Marketers Have An Editorial Advantage That Publishers Have Mostly Lost

I still remember a rather terrifying exercise many years ago when the publisher I was working for paired me with a consultant to go through a "cost-per-page" analysis.

This was basically a way to figure out, based on headcount, freelance costs and other expenses, what it took to put together each page in a print magazine. Math is never fun for journalists, but in this case the totals usually led to bad things.

At the other end of the spectrum are owned media properties that seem to know no bounds in terms of investing in editorial quality.

Even if you're a traditional digital magazine that's trying to cover stories for a global audience, you'll probably never have the money to customize content into regional editions the way Coke did with the Coca-Cola Journey.

It's nearly impossible for traditional media to justify the cost of printing anything, let alone a magazine with the stock, glam photography and design aesthetic of Airbnb Magazine or California Closet's Ideas of Order.

Even just having the staff to write, edit or solicit top-notch guest posts the way Lithub, Kickstarter's The Creative Independent or The Player's Tribune do seems like a bygone luxury to old-school journalists like me.

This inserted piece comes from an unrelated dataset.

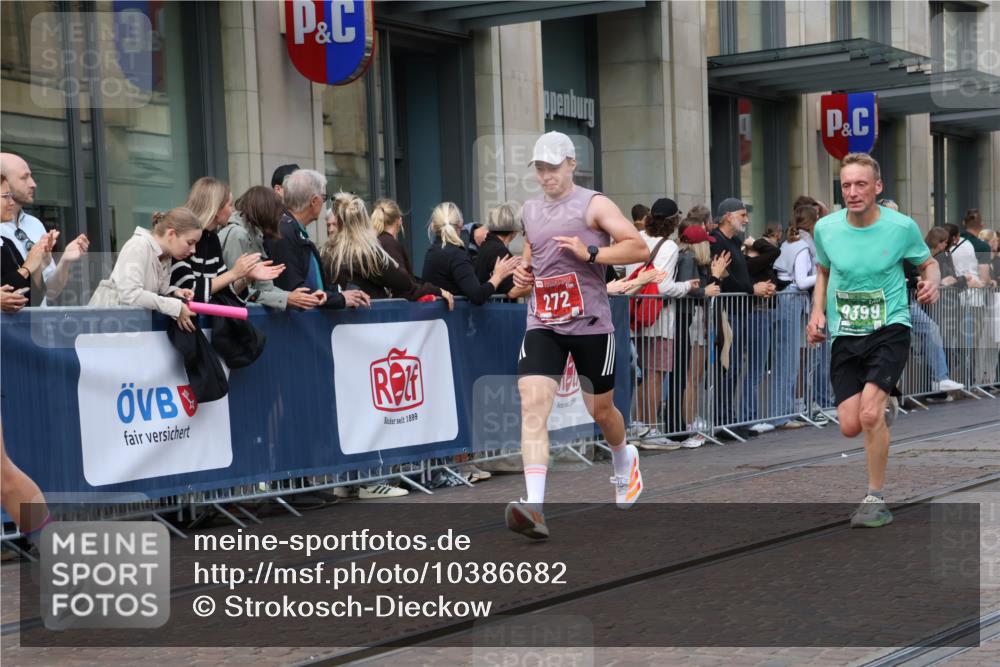 13.09.2026 - 21. swb-Marathon Bremen Strokosch-Dieckow http://msf.ph/oto/10386682 13.09.2026 12:53:57 Ziel 1256, 1629, 6112, 9399, 9617, 272, 1089, 1168, 1606, 5160, 13212 meine-sportfotos.de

Marketing departments may sometimes still struggle to justify where their money goes, but they have an opportunity to do things "regular" editors only dream about today.

Pivoting May Be Necessary Before You Master Publishing

A great journalist I once knew said if you're running a newspaper or magazine you should never redesign, because people will know your publication is probably going through trouble, and that if you do redesign, it should be almost unnoticeable.

Hardly anyone in the media heeds this advice -- new editors are notorious for wanting to put their personal stamp on a publication -- but it struck me that in some ways, titles like The New Yorker maintain a lot of the elements they had nearly 100 years ago.

Marketing departments don't tend to think as long-term as that, and perhaps that's best. Few traditional publishers would completely switch gears after getting an editorial plan in place, but brands that stick with owned media tend to improve as they go along.

I loved reading Van Winkle's, a digital magazine produced by mattress company Casper, for example, but after studying it in detail I realized why they closed it and later launched Wolly instead. Before Airbnb Magazine, there was Pineapple Magazine. Before Ideas of Order, California Closets produced Hush magazine.

The poster child for not giving up on owned media, however, is Uber, which has (so far) produced three different publications, all pretty good but with very different directions.

Owned media, overall, be still a work in progress for most marketers, but that's okay. In most cases it's been worth it for them to stick with it, and for me, tracking its progress more closely has been incredibly worthwhile -- and hopefully for my listeners, too.